Deux regards. D’un côté celui d’un chef indien qui voit son peuple et son pays détruits à grands feux. De l’autre celui du représentant d’un pays riche, la Suisse, qui vante les mérites de l’accord conclu avec les pays sud-américains du Mercosur.

“Il faut qu’on le fasse partir le plus vite possible.” Le chef indien Raoni ne mâche pas ses mots contre le président brésilien, alors que l’Amazonie, la plus grande forêt tropicale de la planète, est en proie à de graves incendies, provoqués essentiellement par la déforestation qui s’accélère. “Je pense que le président français et d’autres forces internationales peuvent faire pression pour que le peuple brésilien fasse partir [Jair] Bolsonaro et que le Congrès vote sa destitution”, avance, dans une interview à l’AFP, vendredi 23 août, le chef du peuple kayapo, qui se bat inlassablement pour le respect des droits des communautés indigènes.

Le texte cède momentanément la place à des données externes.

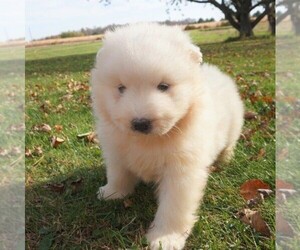 Samoyed Puppy for sale in THORP, WI, USA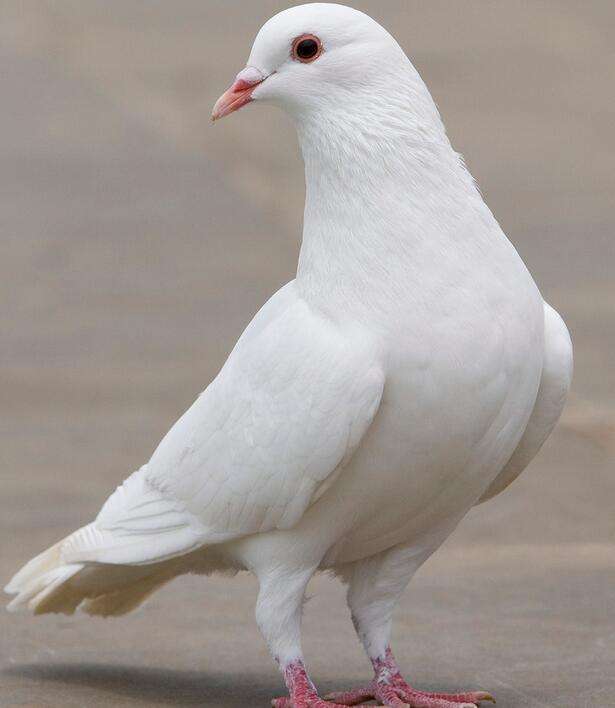 动物们看见的世界是什么样子的,动物们看世界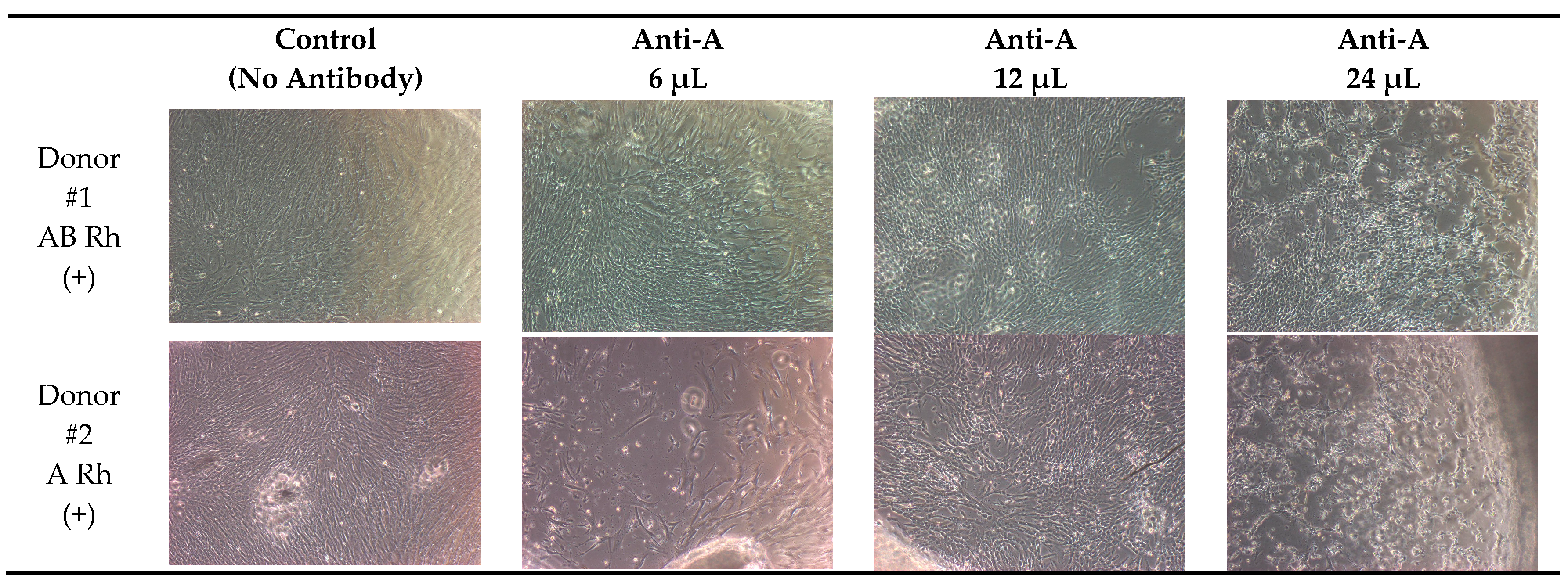 Proceedings 02 01535 g001a 550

« Il veut en finir avec la forêt »

“C’est une catastrophe, ce qu’il est en train de faire avec nous”, poursuit Raoni Metuktire au sujet du président d’extrême droite brésilien, qui encourage le développement de l’agriculture et de l’exploitation minière sur les terres indigènes. “Il veut en finir avec la forêt, avec nous, c’est vraiment terrible ce qu’il fait”, renchérit le cacique de 89 ans, figure internationale de la défense de l’Amazonie. “Dans le temps, les présidents du Brésil ne menaient pas des actions mauvaises, n’incitaient pas à la destruction comme ça. Et maintenant ce nouveau président fait tout de travers.”

“C’est [lui] qui excite ces gens, comme les fermiers. Ils l’écoutent. Ils pensent qu’ils ont tous les droits et se mettent à brûler les forêts” pour les remplacer par des cultures, ajoute le chef indien. “Il en va ainsi pour les coupeurs de bois, les chercheurs d’or. Ils se lâchent tous car sa parole les pousse à détruire la forêt beaucoup plus vite”, accuse Raoni.

Crime d’écocide

Voilà donc le regard lucide du chef indien sur les agissements criminels de Jair Bolsonaro. Car il s’agit bien d’un crime d’écocide qui va bien finir par s’imposer dans le droit international. Le constat de Raoni Metuktire est autrement plus pertinent que les déclarations du conseiller fédéral Guy Parmelin qui se félicite de l’accord conclu avec les pays sud-américains du Mercosur. Lequel, selon lui, n’a “rien à faire directement” avec la situation catastrophique en Amazonie.

Vraiment?

Jair Bolsonaro qui encourage la déforestation pour une agriculture intensive destinée à l’exportation notamment de viande et de sucre sud-américains, qui prive de soutien ou démantèle toutes les ONG brésiliennes favorables à l’écologie, qui méprise les peuples autochtones, les seuls à avoir encore une relation authentique avec le vivant, c’est donc ce président que la Suisse soutient et encourage par cet accord qui ne fait que renforcer l’œuvre destructrice du président brésilien? La Suisse ne devrait-elle pas plutôt soutenir Emmanuel Macron qui, fort tardivement il est vrai, s’oppose enfin à l’accord UE-Mercosur car il considère à juste titre que Jair Bolsonaro a menti sur ses engagements climatiques?

Deux regards, donc.

Celui, clairvoyant, du chef indien Raoni. Celui, aveugle, du conseiller fédéral Guy Parmelin.